DATA EXCERPT:
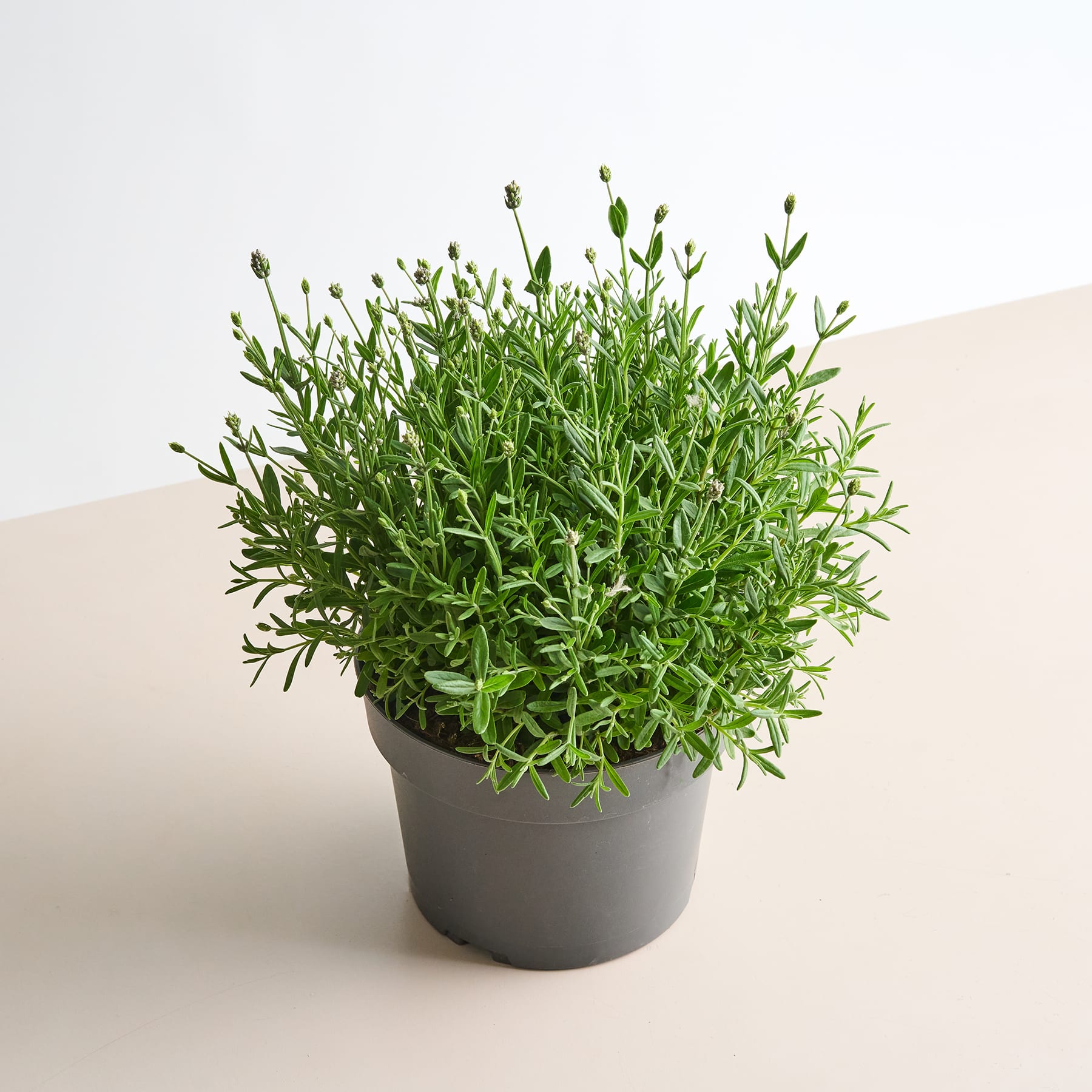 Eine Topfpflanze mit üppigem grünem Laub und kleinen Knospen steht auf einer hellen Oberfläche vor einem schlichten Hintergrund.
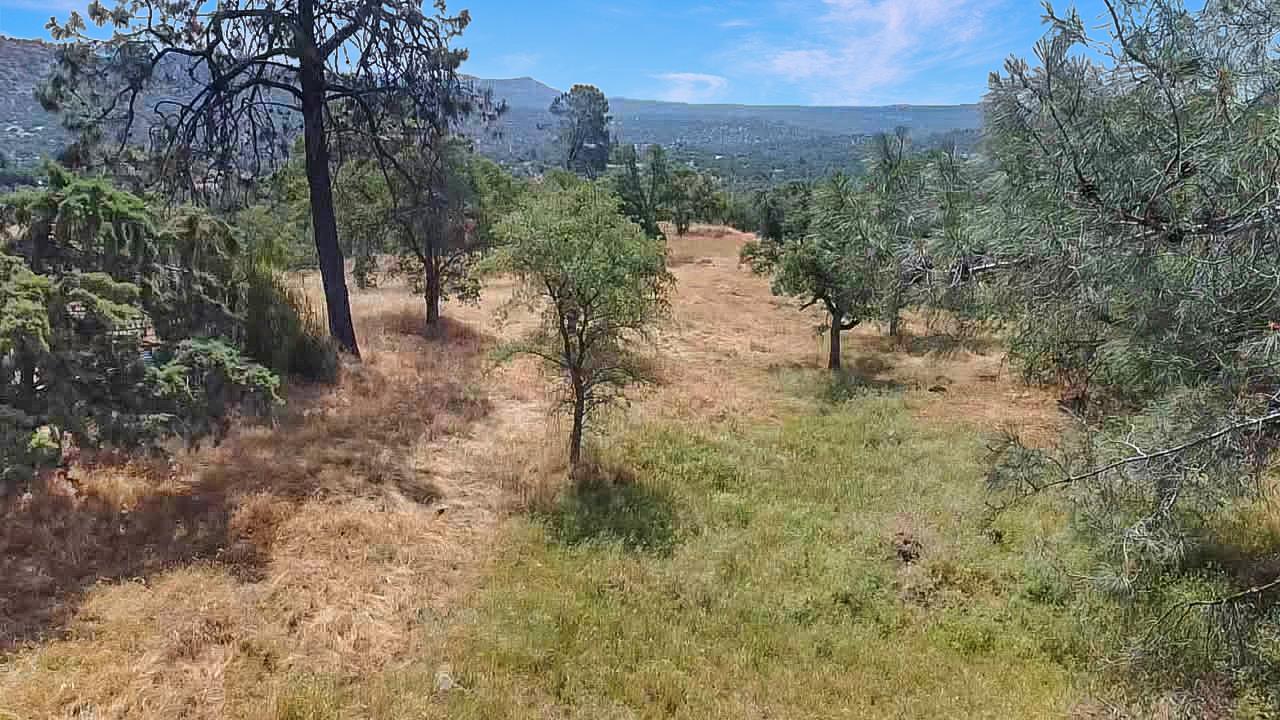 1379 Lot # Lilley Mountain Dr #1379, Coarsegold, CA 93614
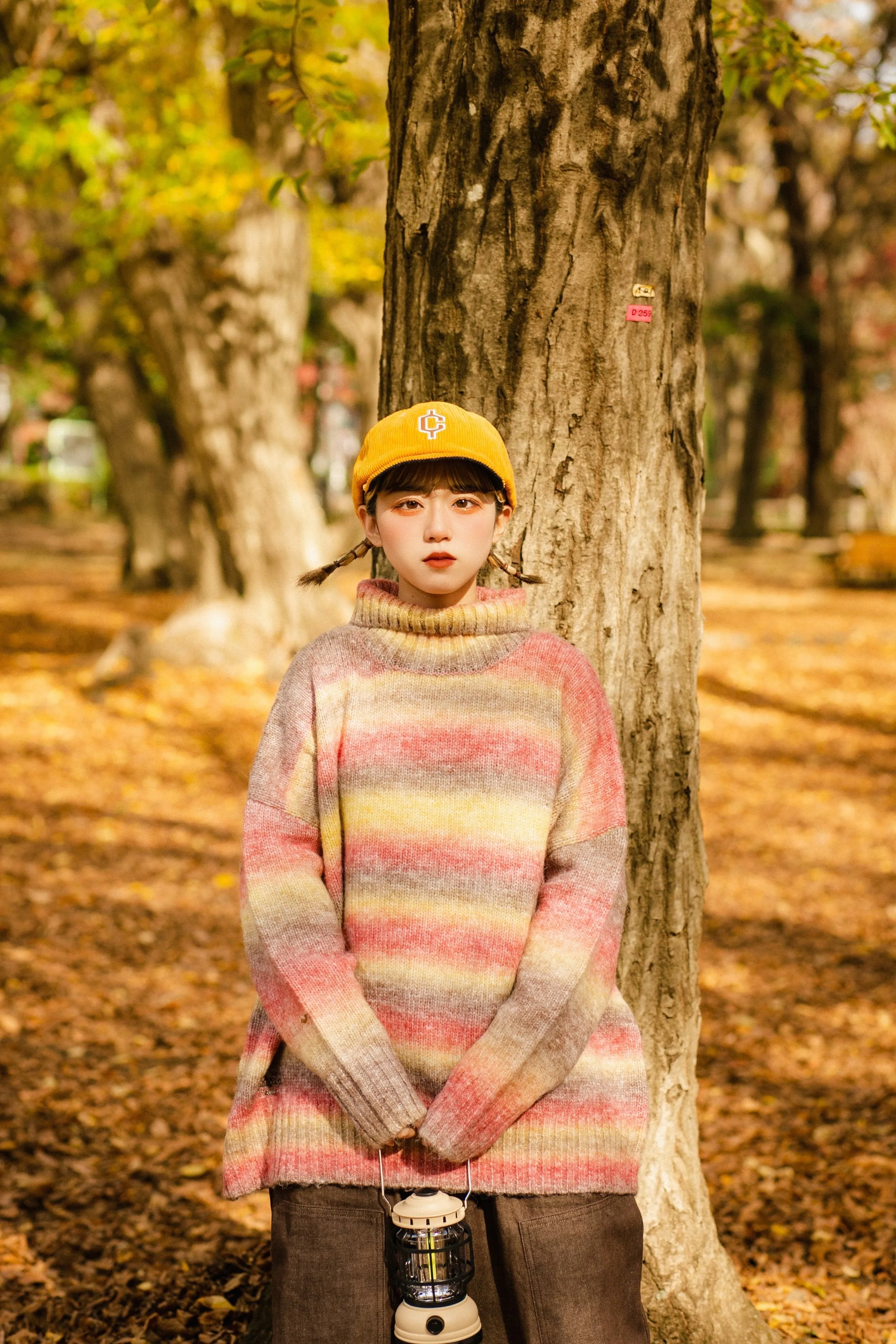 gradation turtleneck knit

EXERCISE DETAILS: Word for word, repeat the data above with the pictures left out.

THE ANSWER:
 Eine Topfpflanze mit üppigem grünem Laub und kleinen Knospen steht auf einer hellen Oberfläche vor einem schlichten Hintergrund.
 1379 Lot # Lilley Mountain Dr #1379, Coarsegold, CA 93614
 gradation turtleneck knit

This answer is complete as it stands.